Rzemiechów is a village in the administrative district of Gmina Kobylin, within Krotoszyn County, Greater Poland Voivodeship, in west-central Poland.

== Geography ==
The village has an elevation of 103.00 m (337.93 ft) above sea level, and a total area of 0.114 km^{2} (0.044 mi^{2}). It is located on the left bank of the Orla River, approximately 4 km east of Kobylin.

== History ==
As part of the region of Greater Poland, i.e. the cradle of the Polish state, the area formed part of Poland since its establishment in the 10th century. It was a private village of Polish nobility, including the Starkowiecki, Naramowski, Wałknowski and Sokolnicki families, administratively located in the Pyzdry County in the Kalisz Voivodeship in the Greater Poland Province of the Kingdom of Poland.

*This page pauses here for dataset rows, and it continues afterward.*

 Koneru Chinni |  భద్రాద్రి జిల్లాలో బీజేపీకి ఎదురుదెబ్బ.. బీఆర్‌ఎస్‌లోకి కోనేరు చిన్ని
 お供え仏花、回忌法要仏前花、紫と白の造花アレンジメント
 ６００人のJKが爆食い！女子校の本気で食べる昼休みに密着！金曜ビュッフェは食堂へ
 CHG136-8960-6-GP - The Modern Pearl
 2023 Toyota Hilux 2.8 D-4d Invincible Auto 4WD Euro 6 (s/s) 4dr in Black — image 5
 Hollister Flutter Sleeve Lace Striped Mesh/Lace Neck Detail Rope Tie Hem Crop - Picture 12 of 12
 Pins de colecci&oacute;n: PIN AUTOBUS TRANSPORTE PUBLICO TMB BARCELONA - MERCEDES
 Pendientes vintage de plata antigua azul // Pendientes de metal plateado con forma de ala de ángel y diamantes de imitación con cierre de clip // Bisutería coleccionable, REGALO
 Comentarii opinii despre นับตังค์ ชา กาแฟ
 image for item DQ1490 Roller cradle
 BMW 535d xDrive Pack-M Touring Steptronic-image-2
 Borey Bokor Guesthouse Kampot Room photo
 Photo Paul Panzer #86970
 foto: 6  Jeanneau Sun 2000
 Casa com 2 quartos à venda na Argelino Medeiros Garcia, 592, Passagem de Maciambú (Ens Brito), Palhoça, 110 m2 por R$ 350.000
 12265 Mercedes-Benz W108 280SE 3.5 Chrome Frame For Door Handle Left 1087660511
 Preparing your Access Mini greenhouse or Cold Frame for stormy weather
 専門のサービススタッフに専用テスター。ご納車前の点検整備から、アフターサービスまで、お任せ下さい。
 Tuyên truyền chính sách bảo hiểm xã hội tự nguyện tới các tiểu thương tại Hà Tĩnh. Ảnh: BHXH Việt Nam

In the Second Partition of Poland, in 1793, it was annexed by Prussia. Following the successful Greater Poland uprising of 1806, it was regained by Poles and included within the short-lived Duchy of Warsaw. After the duchy's dissolution in 1815, it was re-annexed by Prussia, within which it formed part of the initially autonomous Grand Duchy of Poznań. During that period (1815-1848), it belonged to the larger villages in the district of Kreis Krotoschin in the administrative region of Posen. Rzemiechów belonged to the Kuklinów district of this county and was part of the Kuklinów estate owned by Józef Chełkowski. Following World War I, Poland regained independence and control of the village.

== Population ==
According to the official census from 1837, the village hit a possible peak population at 196 inhabitants, who lived in 19 houses. When the Rzemiechów forest clearing later took place, the village was noted to have been reduced to only 1 house and 4 inhabitants.

Eventually the population rose again, and in 1975, the census showed the village at a population of 34 inhabitants. In the 1990 census, the population dropped by one person to 33 inhabitants. In the 2000 census, the village population rose by ten to 43 inhabitants. In the most recent 2015 census, the village population remained the same at 43 inhabitants. The population of the village is expected to drop back to only 31 in 2050, and 18 in 2100.